[
https://issues.jboss.org/browse/ISPN-2612?page=com.atlassian.jira.plugin....
]
Dan Berindei resolved ISPN-2612.
--------------------------------
Resolution: Won't Fix
[~mlinhard], it looks like the problem is that you don't have enough threads in your
OOB thread pool, and the RSVP ACK message from the coordinator back to the self is
dropped. It is resent after UNICAST.stable_interval expires (5 seconds with your
configuration), but it is dropped again because 1 OOB thread is waiting for CH_UPDATE
responses and 1 thread is busy sending the RSVP ACK message (sending doesn't take
long, but JGroups doesn't wait at all before dropping the message).

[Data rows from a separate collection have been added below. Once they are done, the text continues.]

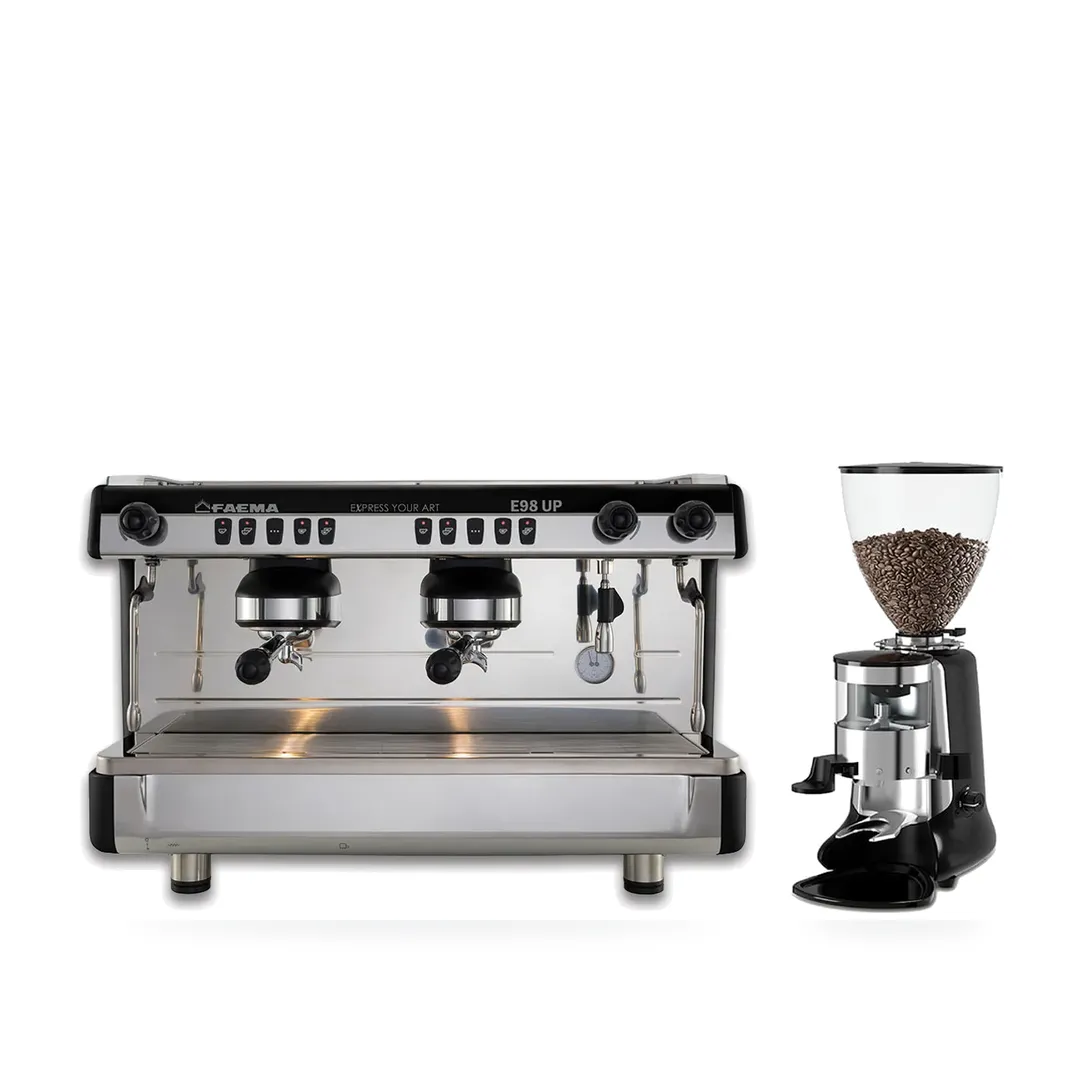 Combo Faema E98 UP 2G + HeyCafe HC600 V2 — máy pha và máy xay cà phê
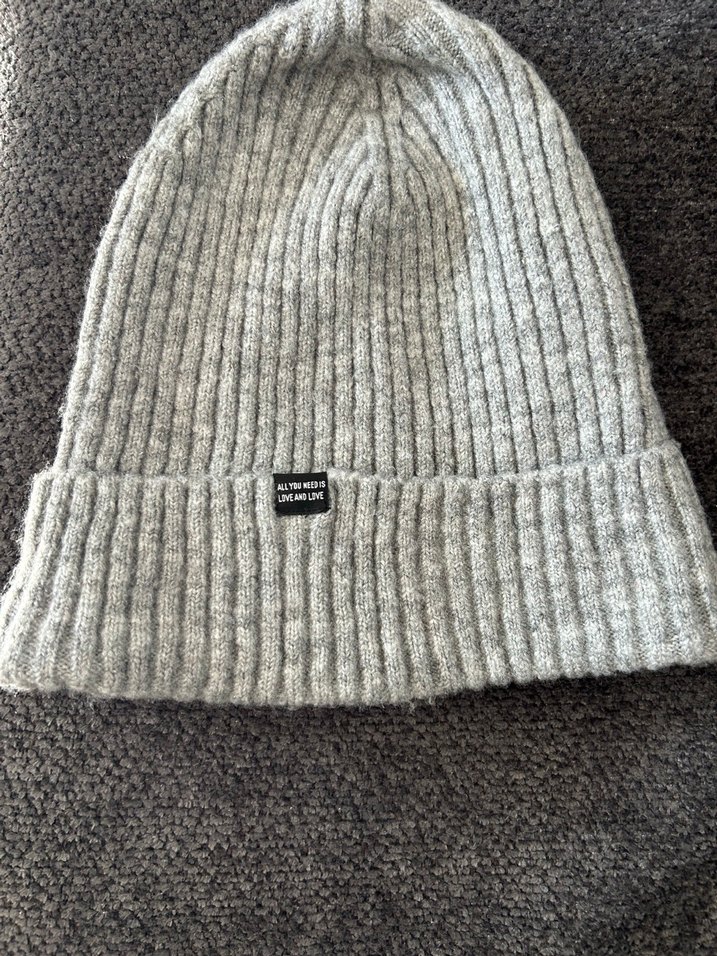 Gri Örgü Kadın Yün Bere - Görsel 2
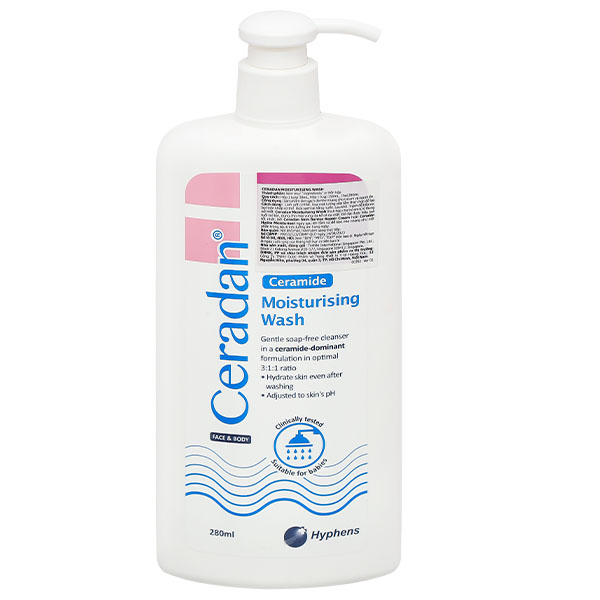 Sữa tắm Ceradan Moisturising bổ sung Ceramide, duy trì làn da ẩm mượt chai 280ml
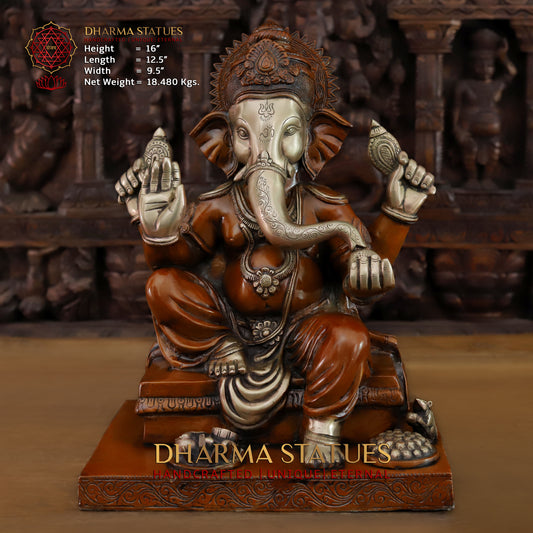 Brass Ganesh seated in Blessing Posture, Copper & Golden Finish, 16"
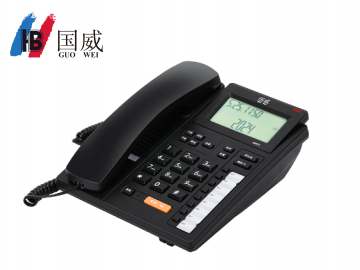 國(guó)威GW72電話機(jī),黑名單辦公電話,黑色大屏幕座機(jī)電話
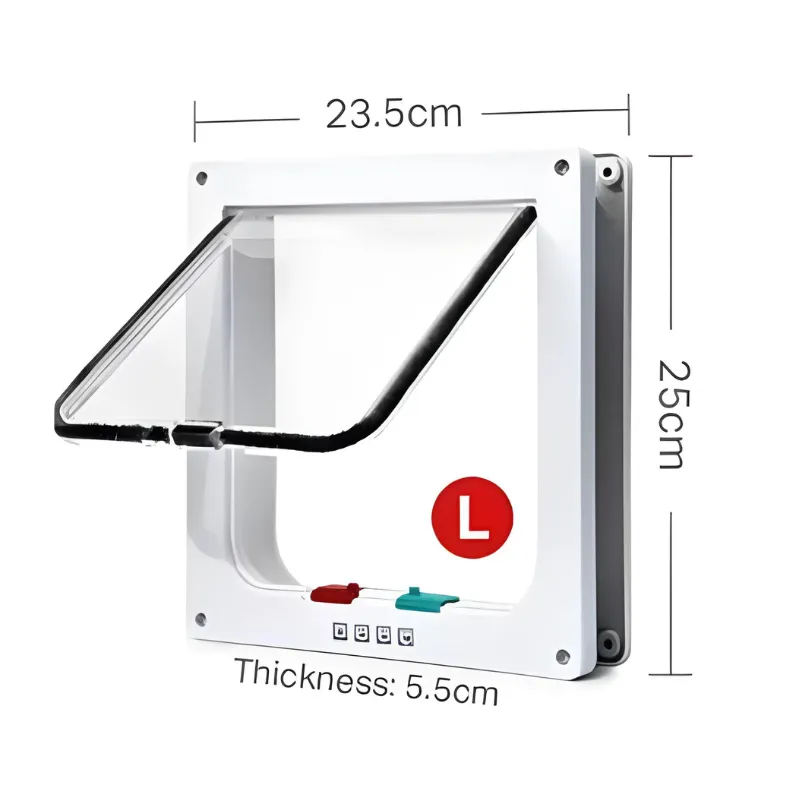 Cat Flap Door 4 Way Lockable Cat Kitten Security Gate ABS Plastic S/M/L Pet Supplies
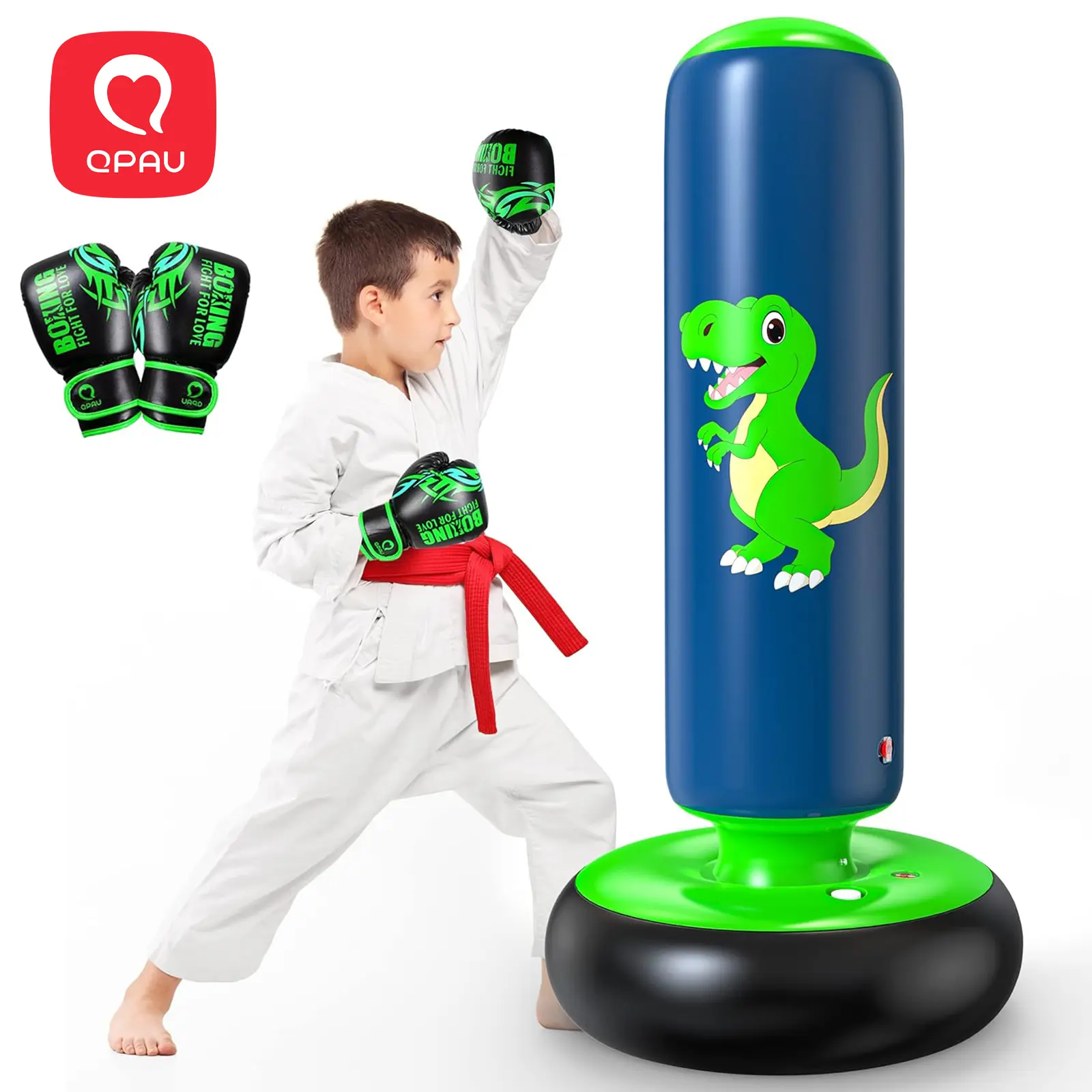 QPAU Inflatable Punching Bag, 48 Inch Stable Inflatable Boxing Bag for 3-6 Kids, Dinosaur Toy Gifts for Boys and Girls, Kids Boxing Set for Energy Out Practicing Karate, Taekwondo, homeessentials, back to school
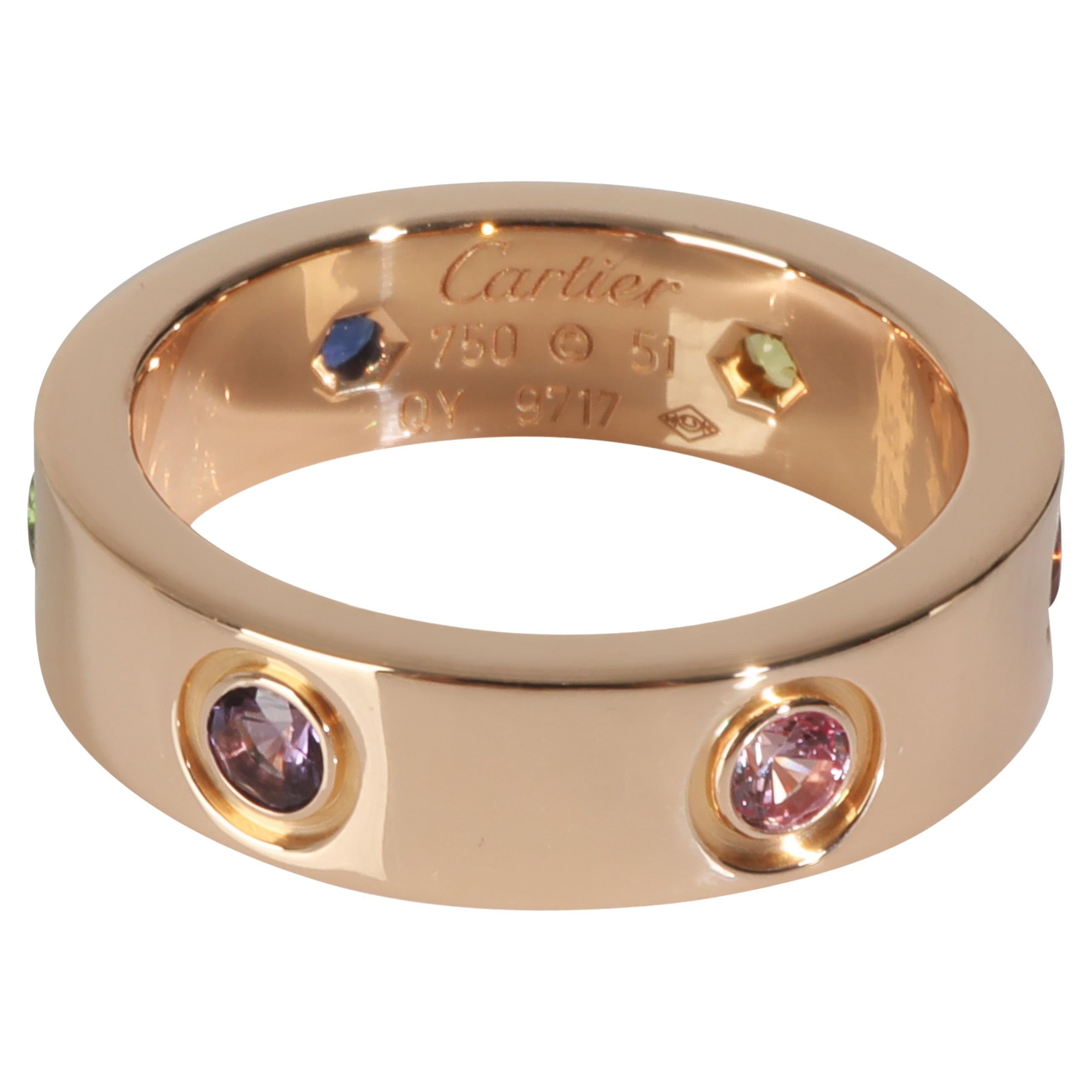 Cartier Rose Gold  Rainbow Gemstone Love Ring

I must have gotten lucky when I ran the test last night, because I tried it again after
looking at the logs and I got the same TimeoutException you did. It went away when I
increased oob_thread_pool.max_threads to 4.
I'm not sure what the absolute minimum number of OOB threads is, but I recommend
running with the defaults in jgroups-udp.xml. JGroups won't start more threads than it
needs, so I don't see a reason to move from the defaults.
Please reopen the JIRA if you can still reproduce it with 4 or more OOB threads.
Problem broadcasting CH_UPDATE command
--------------------------------------
Key: ISPN-2612
URL:
https://issues.jboss.org/browse/ISPN-2612
Project: Infinispan
Issue Type: Bug
Components: RPC
Affects Versions: 5.2.0.Beta5
Reporter: Michal Linhard
Assignee: Dan Berindei
Priority: Blocker
Fix For: 5.2.0.CR2
Attachments: session-cluster.xml, test.zip, test_TRACE.zip
Infinispan 5.2.0.Beta5
JGroups 3.2.4.Final
Steps to reproduce (I'm using two virtual interfaces test1, test2)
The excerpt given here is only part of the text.